L’Assemblée nationale a officiellement enclenché, ce mercredi 21mai, une procédure inédite visant à examiner la demande de levée de l’immunité parlementaire de Constant Mutamba, ministre d’État, ministre de la Justice et Garde des Sceaux. La décision a été prise à la suite de la lecture du réquisitoire du procureur général près la Cour de cassation, Firmin Mvonde, sollicitant l’autorisation d’ouvrir une information judiciaire contre l’élu de Lubao.
En réponse à cette requête, le président de la chambre basse, Vital Kamerhe, a annoncé la création d’une commission spéciale chargée d’auditionner les deux parties : d’abord le ministre Mutamba, ensuite le procureur Mvonde.
« Nous allons demander aux différents présidents des groupes parlementaires de désigner par écrit, aujourd’hui même, un membre qui siégera dans cette commission », a déclaré Kamerhe depuis le perchoir, insistant sur le respect strict du règlement intérieur.
Une affaire aux ramifications complexes
Au cœur de cette procédure judiciaire : un soupçon de détournement de 39 millions de dollars américains alloués à la construction d’une prison moderne à Kisangani, dans la province de la Tshopo.
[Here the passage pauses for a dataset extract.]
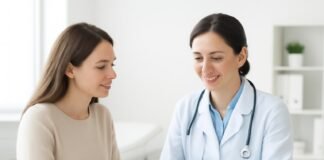 Γυναικολογικός γιατρός σε σύγχρονο ιατρείο συμβουλεύει γυναίκα ασθενή με tablet στις εγκαταστάσεις της κλινικής στη Γλυφάδα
D’après le réquisitoire du procureur, 19 millions de ces fonds proviendraient du FRIVAO (Fonds de Réparation des Victimes des Activités Illicites de l’Ouganda en RDC) et auraient été transférés à Zion Construction SARL, société adjudicataire du marché.
Problème : cette entreprise n’aurait vu le jour qu’en mars 2024, soit quelques semaines avant la signature du contrat. Pire encore, aucune procédure d’appel d’offres en bonne et due forme n’aurait été respectée, selon plusieurs sources parlementaires.
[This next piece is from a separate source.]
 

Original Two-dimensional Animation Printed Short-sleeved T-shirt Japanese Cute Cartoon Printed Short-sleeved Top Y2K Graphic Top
Cette opacité a rapidement alerté certains élus. Les députés Fontaine Mangala et Willy Mishiki avaient, bien avant la saisie du parquet, interpellé Constant Mutamba à travers des questions orales avec débat. Mishiki est même allé jusqu’à évoquer un « détournement en réseau », qui impliquerait également les ministres du Budget et des Finances.
Des révélations préoccupantes
Dans une correspondance officielle adressée à la Première ministre Judith Suminwa, la Cellule nationale des renseignements financiers (CENAREF) a confirmé qu’un transfert de 19 millions USD avait bien été effectué au profit de Zion Construction SARL. Une révélation qui vient accréditer la thèse d’un usage potentiellement irrégulier des fonds publics.
Face à cette pression croissante, le ministre des Finances a tenté de désamorcer la polémique en affirmant qu’« aucun paiement effectif n’a encore été réalisé dans le cadre de ce projet ». Une version que rejette en bloc le procureur Mvonde.
Mutamba contre-attaque
Constant Mutamba, pour sa part, rejette toutes les accusations portées contre lui. Il affirme que le projet de construction est légal, prioritaire, et justifié par la surpopulation carcérale chronique, en particulier dans les provinces de l’Est secouées par l’insécurité.
« Les fonds sont encore logés dans un compte séquestre et donc inaccessibles à l’entreprise adjudicataire. Le dossier reste en traitement à la Primature », a-t-il déclaré lors d’un échange informel avec des journalistes dans les couloirs de l’Assemblée.
Une étape décisive
La commission spéciale aura désormais la tâche cruciale d’entendre les versions des deux parties avant de soumettre un rapport détaillé à la plénière, seule habilitée à se prononcer sur la levée ou non de l’immunité du ministre Mutamba.
Il s’agit d’une procédure inédite sous cette législature, qui pourrait soit marquer un tournant dans la lutte contre l’impunité des hauts responsables, soit mettre en lumière les limites politiques de l’Assemblée nationale face à un scandale d’État naissant.